---- AVAILABLE RECORDS

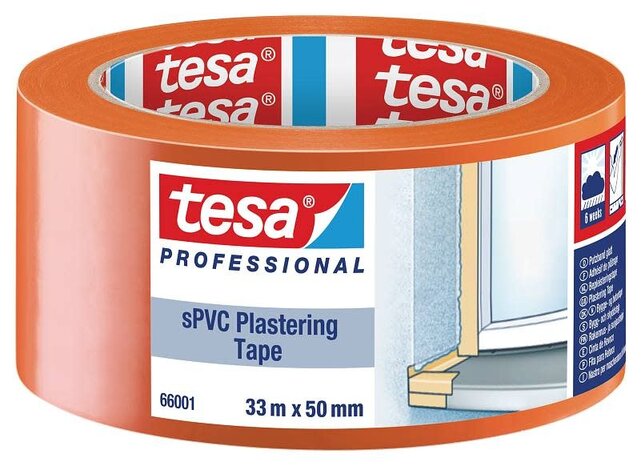 Tesa Plastering Tape 50mmx33m Orange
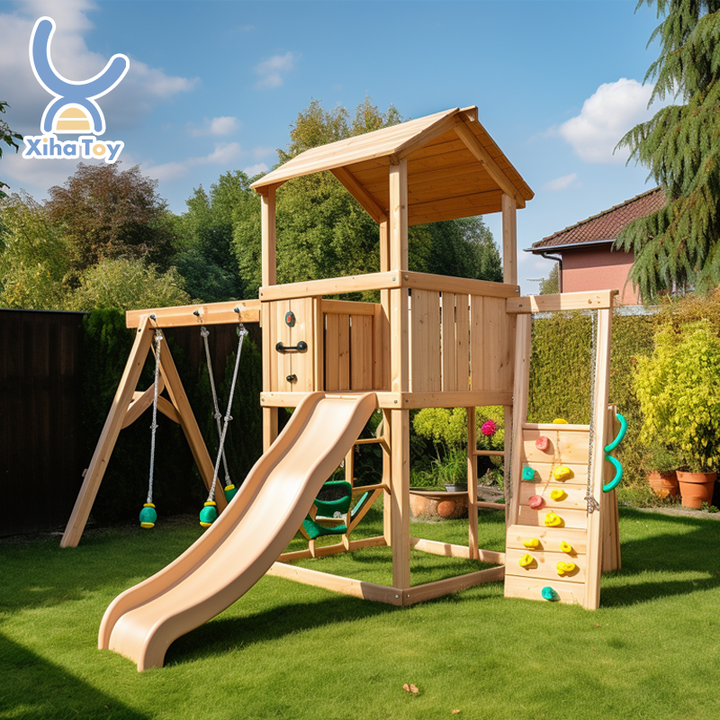 XIHA Outdoor Play-Wooden Climbing Frame Slide Swing Set KindergartenOutdoor Playground for Children Play Set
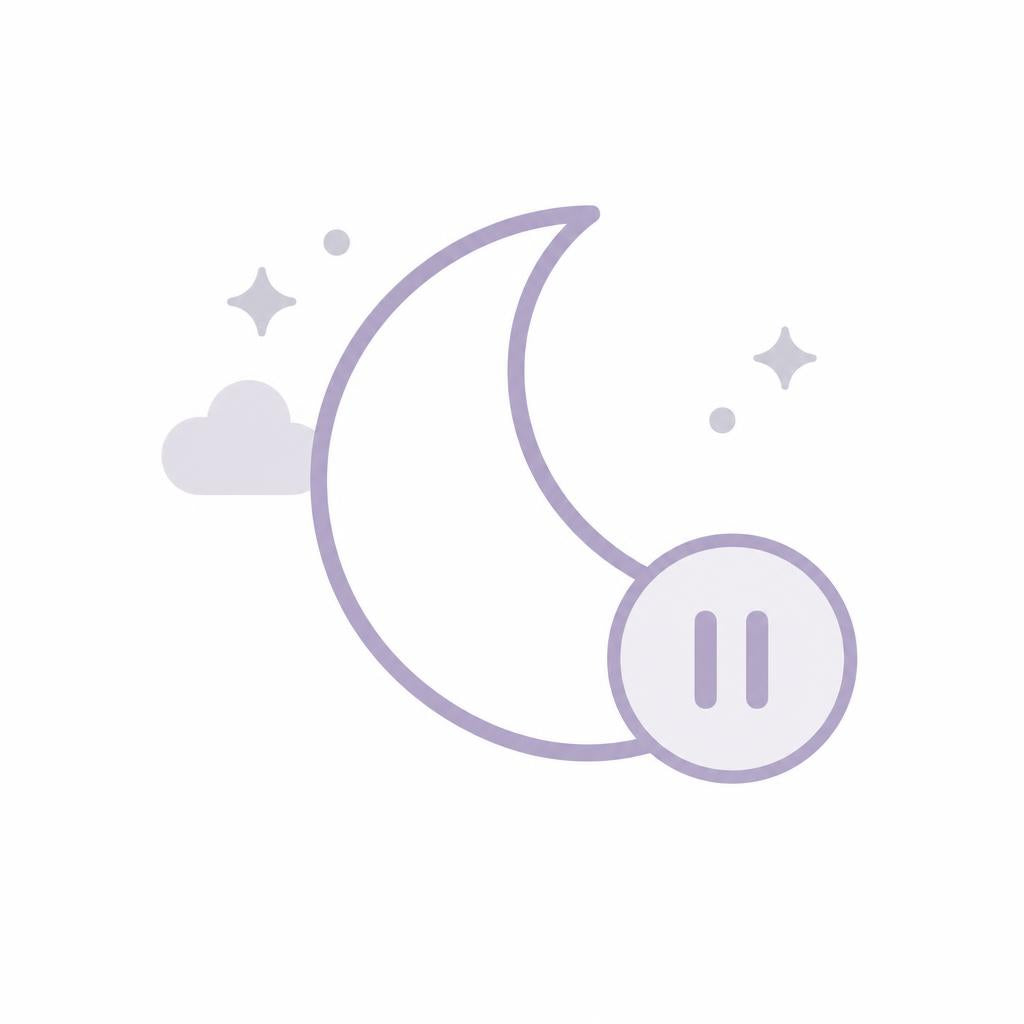 Icon of a crescent moon with a cloud and pause symbol on a white background
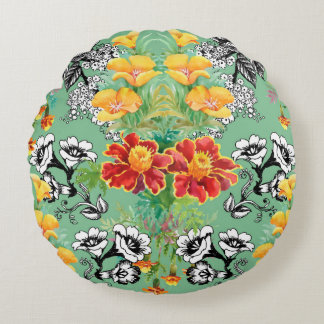 Waterverf bloemen van zomertuinbloemen naadloos rond kussen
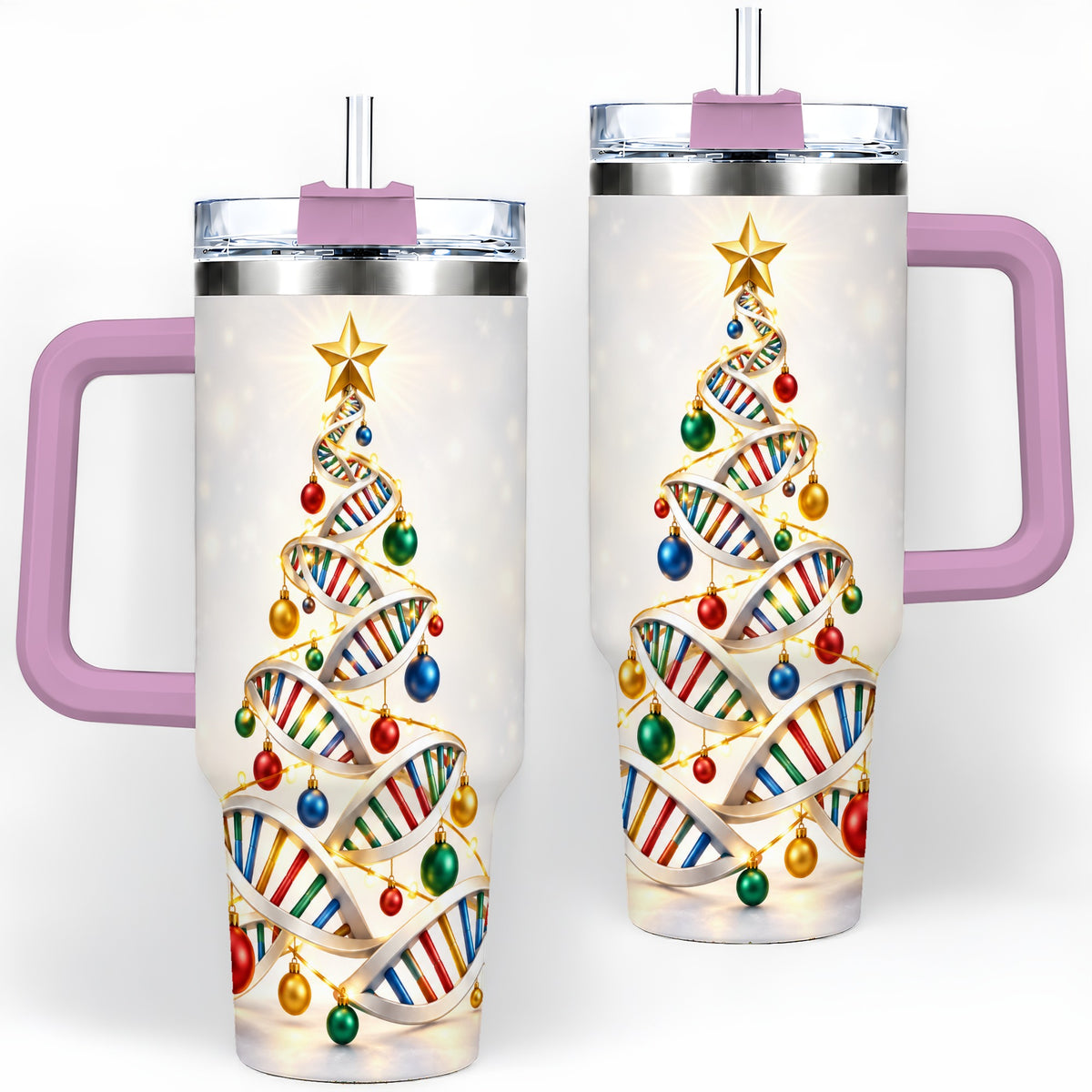 #pl[40oz|Pink] DNA Christmas Tree 40oz Tumbler, Stainless Steel for Science Lovers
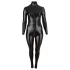 Cottelli Plus Size - glänzender langärmeliger Party-Overall (schwarz)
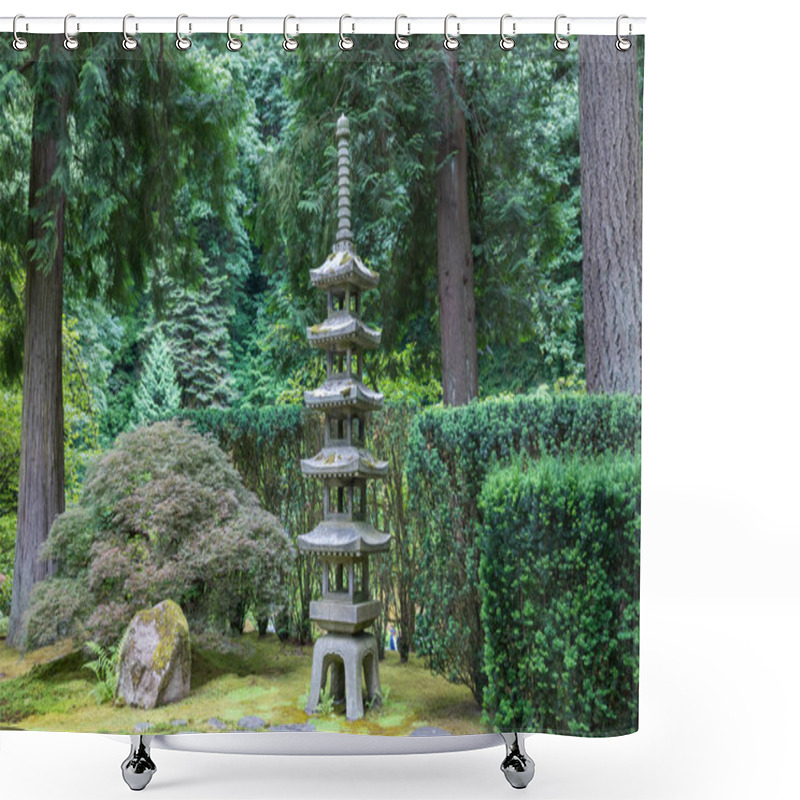 Personality  Inside A Peaceful Japanese Garden, A Japanese Pagoda Rock Statue In Portland Shower Curtains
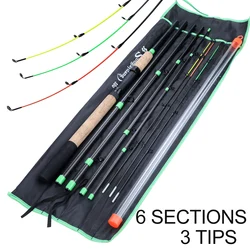 Caña de pescar alimentadora Sougayilang, mango alargado, 6 secciones, caña de pescar L M H Power, caña de viaje de fibra de carbono, aparejos de pesca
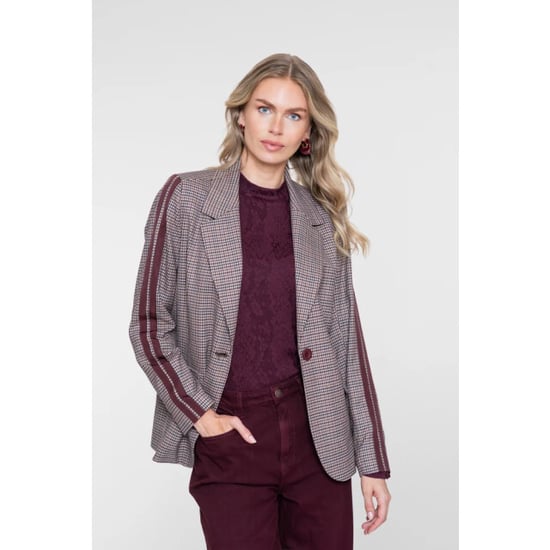 Geisha 65575-32 480 blazer check + tape burgundy/green - Image 5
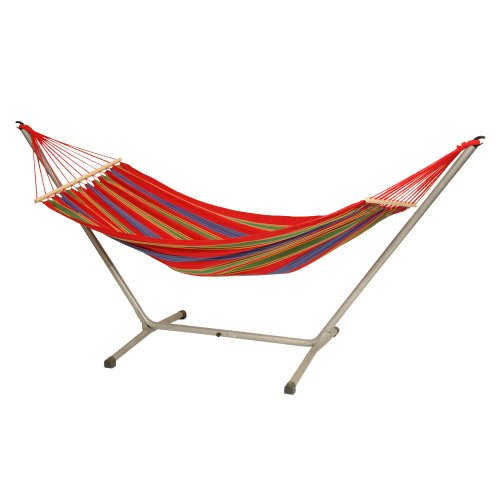 Outdoor Patio Aruba Hammock and Stand Set - Red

--------

#### INSTRUCTIONS FOR THE TASK:
Return exactly, and only, the lines that run from the line containing "Icon of a crescent" to the last line of the entries above, both ends included, with pictures left out.

#### WRITTEN SOLUTION:
 Icon of a crescent moon with a cloud and pause symbol on a white background
 Waterverf bloemen van zomertuinbloemen naadloos rond kussen
 #pl[40oz|Pink] DNA Christmas Tree 40oz Tumbler, Stainless Steel for Science Lovers
 Cottelli Plus Size - glänzender langärmeliger Party-Overall (schwarz)
 Personality  Inside A Peaceful Japanese Garden, A Japanese Pagoda Rock Statue In Portland Shower Curtains
 Caña de pescar alimentadora Sougayilang, mango alargado, 6 secciones, caña de pescar L M H Power, caña de viaje de fibra de carbono, aparejos de pesca
 Geisha 65575-32 480 blazer check + tape burgundy/green - Image 5
 Outdoor Patio Aruba Hammock and Stand Set - Red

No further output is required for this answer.